I can still bring myself to tears over the loss of my heart dog at 14, and that was 5 and 1/2 years ago. That’s quite enough for me.

[QUOTE=Lisa Preston;5918843]
OK, adult dog book where the do lives: A Dog’s Life - Peter Mayle. [/QUOTE]

Love that one - couldn’t remember the name. I think Mayle’s books are delightful :slight_smile:

[QUOTE=wireweiners;5918563]
The movie was based on a book by James H. Street. It is much better than the movie, even though the dog does die in the end. It is a great southern story about bird dogs, men who love them and the relationship between a black sharecropper’s kid and a middle class white kid. The Disney movie was too sickly sweet in my book and missed the whole point of Street’s story.[/QUOTE]

wireweiners - The movie my mother watched wasn’t the saccharine Disney version, it was a much grittier, earlier one. In fact, I don’t think the dog dies in the Disney version. I’m afraid to look for the book

StG

I actually liked Art of Racing in the Rain - Garth Stein. Yes, it was very sad in parts but other parts were great.

Maybe I’m a glutton for punishment. I also liked (but was saddened by) Where the Red Fern Grows, Watership Down and the Plague Dogs.

And there was some guy who wrote a best seller about his dog (total dog person) that somehow ended up with a cat. He wrote about the cat, too. I read both of those but can’t remember the author. Anyone know?

I also liked these two books - My Cat Spit McGee and My Dog Skip by Willie Morris. IIRC he got the dog as a kid so it died somewhere in the book (it’s been a while since I read it) but the cat didn’t die. I think the Dog Skip was made into a movie.

IF you like to read books with lots of dogs in them, but not necessarily ABOUT any particular one of them (and none die), then our own COTHer, Laurian Berenson, has a whole series of them. I mean like 20 or more. They are known as the Melanie Travis mystery series, but they are all set in the dog show world and are quite fun to read.

St.Germain, I didn’t know that version existed. I wonder if it’s ever been on TCM or one of the other old movie channels.
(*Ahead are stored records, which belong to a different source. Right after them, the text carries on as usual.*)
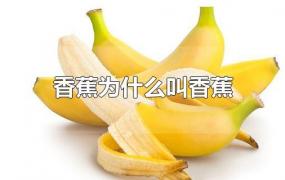 香蕉为什么叫香蕉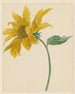 Ramo con un girasole - Michiel van Huysum — vista dell’opera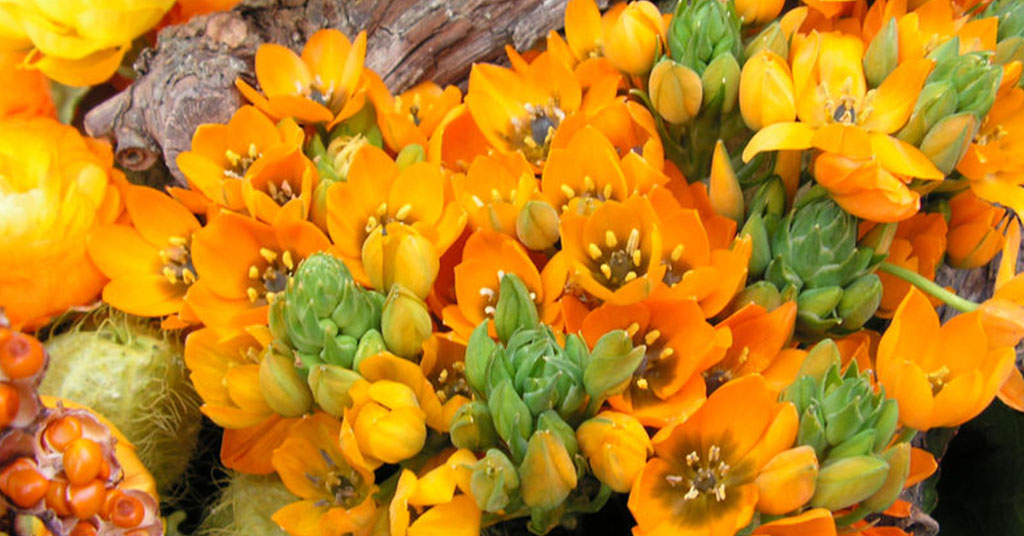 orange star plant flowers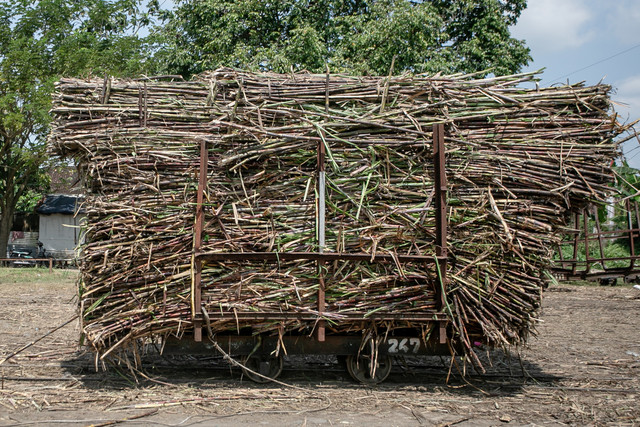 Tumpukan tebu diatas lori sebelum dilakukan penimbangan di Pabrik Gula (PG) Mojo. Foto: Mohammad Ayudha/ANTARA FOTO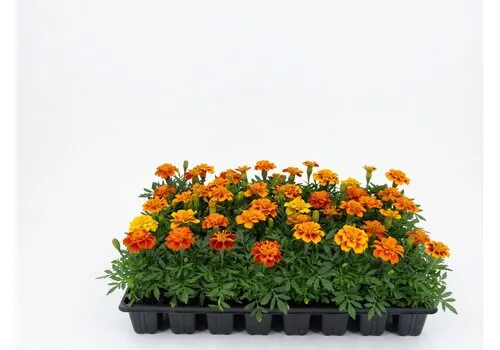 Junai.nl Tray Afrikaantjes | Tagetes | 32 stuks | ca. 5-10 cm hoog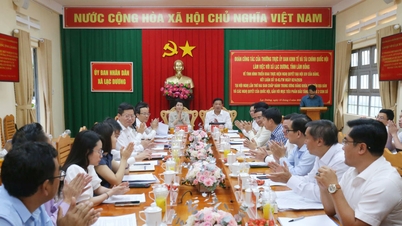 The National Assembly's Economic and Financial Committee works with Lac Duong commune.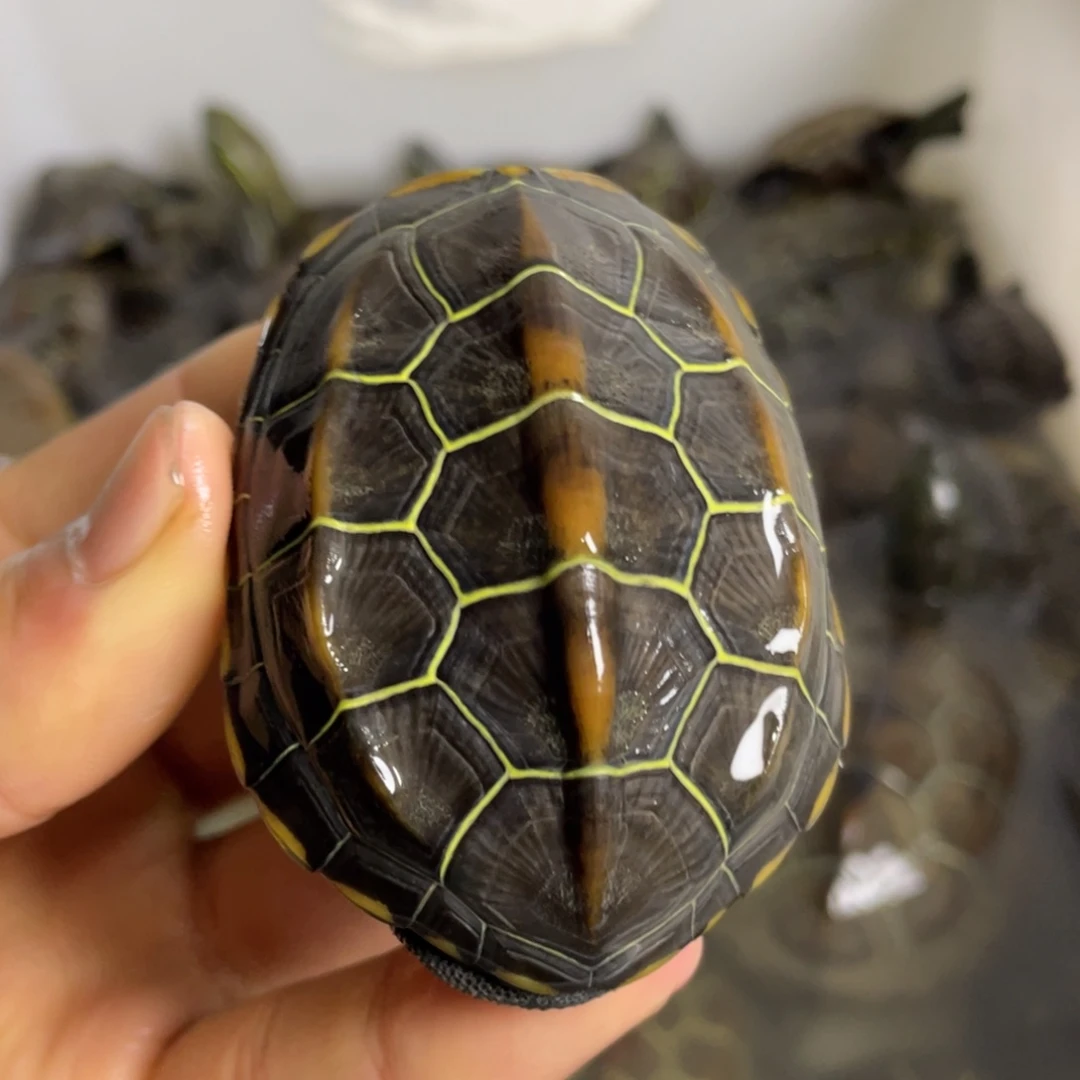 苏北金线冷水草龟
I’d like to see it, even if they did change the dogs’ names. The boys’ dog was called Moreover, they got the name from a Bible version that began, Moreover, the dog. Mr. Ames’s dog, trained by the father, was called Silver Belle because she was so small that she had to wear a silver bell on her collar so they could locate her in tall cover.

Sonesta, I love Laurien Berenson’s books. I didn’t know she was a COTHer. I used to show dogs and reading her books takes me back to my dog showing days. One of my favorites was the one where the editor of the kennel club newsletter digs up dirt on all the members, is blackmailing them and winds up murdered. It reminded me of all the gossip and in fighting that went on in my kennel club.

Anybody read the new book “Rin Tin Tin”? I used to watch the series when growing up in France! I loved Rin Tin Tin!

[QUOTE=wireweiners;5920407]
Sonesta, I love Laurien Berenson’s books. I didn’t know she was a COTHer. I used to show dogs and reading her books takes me back to my dog showing days. One of my favorites was the one where the editor of the kennel club newsletter digs up dirt on all the members, is blackmailing them and winds up murdered. It reminded me of all the gossip and in fighting that went on in my kennel club.[/QUOTE]

Yep, she’s LaurieB on here and a very nice lady.